Me enfrenté a sus ojos bondadosos pero firmes, y traté de exorcizar los fantasmas que aún poblaban mi mente.

—¿Cree que he hecho una tontería típicamente occidental viniendo aquí por una simple nota de socorro?

—No, ni mucho menos.

—A mí me parece tan poco. Nueve niños…

—Escuche —me detuvo—.¿Se ha preguntado por qué hay tantas Organizaciones No Gubernamentales actualmente en el mundo? ¿Y por qué hay tantas causas por las que luchar? Unas se dedican a velar por los hombres, otras por los animales, otras por la tierra y el entorno. Hay miles de ellas, en defensa de las tortugas, de las focas, de los indios aborígenes, de los elefantes, de los rinocerontes, de las selvas… Las naciones están en bancarrota humana y moral, tanto como económica, y los gobiernos están atados de pies y manos, víctimas de sus propias trampas. Tienen suficiente con mirarse sus propios ombligos. Además, necesitan votos, así que actúan para ganarlos, y siempre son votos a corto plazo para acciones a corto plazo. Si no fuera por esas ONG, por fundaciones como la nuestra, o por actos aislados de personas como usted, nada sería posible. Y no piense que es poco. Nueve seres humanos son nueve seres humanos, lo mismo que mil o cien mil. Quién sabe si entre esos niños que ha traído usted, no haya un futuro Gandhi. En todo hay una mano especial. Para unos es divina, para otros cosa del destino, para algunos más, forma parte del gran equilibrio cósmico. Pero nada es desdeñable. Los humanos hemos atacado este planeta más, y de forma más agresiva en los últimos cien años que en toda la historia. Le hemos declarado la guerra, y el planeta tan sólo ahora está empezando a defenderse, cambiando el clima, buscando mecanismos de ajuste.
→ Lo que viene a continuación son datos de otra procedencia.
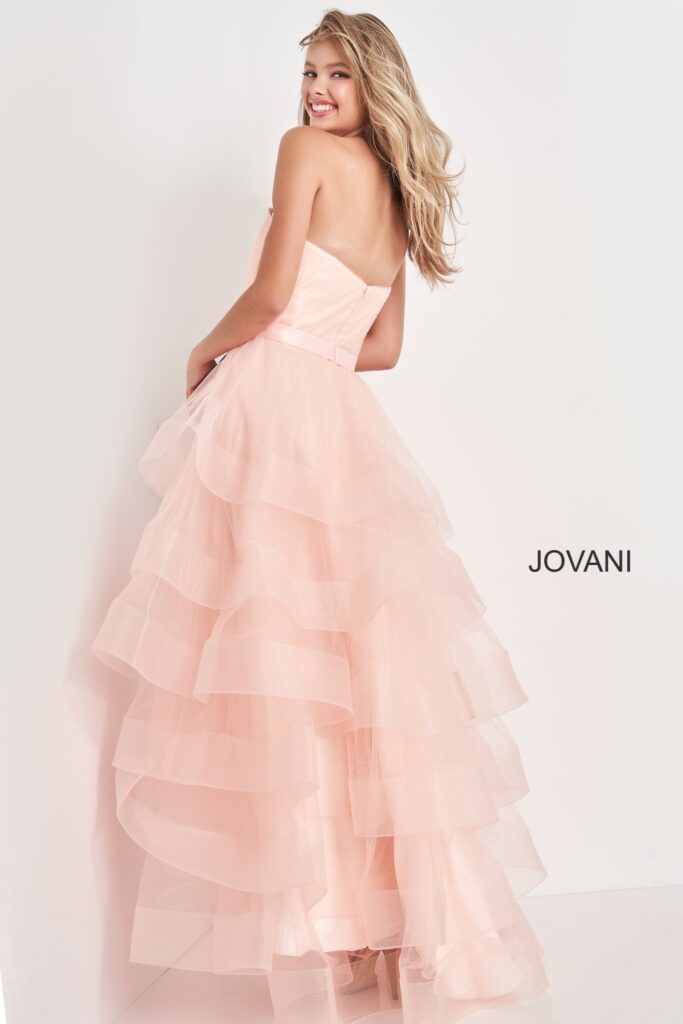 Strapless Straight Neck Long Jovani Girls Dress K02442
La nave Tierra es un ser vivo, señor Serradell. Nosotros somos unos intrusos y pronto nos va a tocar sobrevivir, nada más. Y mientras, aun buscamos justicia entre nosotros, y algunos luchan por salvar lo que otros destruyen. Bienvenido al campo de los primeros.

—Gracias —lo consideré el halago más importante que jamás me hubieran dicho.

—Me alegro de tenerle entre nosotros.

—Y yo de estar aquí —asentí.

—¿Por qué no se queda unos días?

Lo pensé, y pensé en Narayan y los demás. Y al momento recordé a Diana y a Óscar.

—Debo regresar —susurré.

—Mañana puedo hacer que le lleven a Bangalore en coche para que tome un avión a Bombay.

—No quisiera causar molestias.

—No lo será, se lo aseguro. ¿Qué les dirá a esos niños?

—¿Qué puedo decirles?

—Dígales que volverá.

—Pensaba hacerlo.

Ventura Masferrer se puso en pie.

—Vamos, le enseñaré su alojamiento —me dijo—. No quiero que se duerma usted, de pie. Pero le advierto que mañana, durante el desayuno, antes de irse, me hablará de cómo está España, ¿de acuerdo? Hace ya demasiado tiempo que no voy por allí.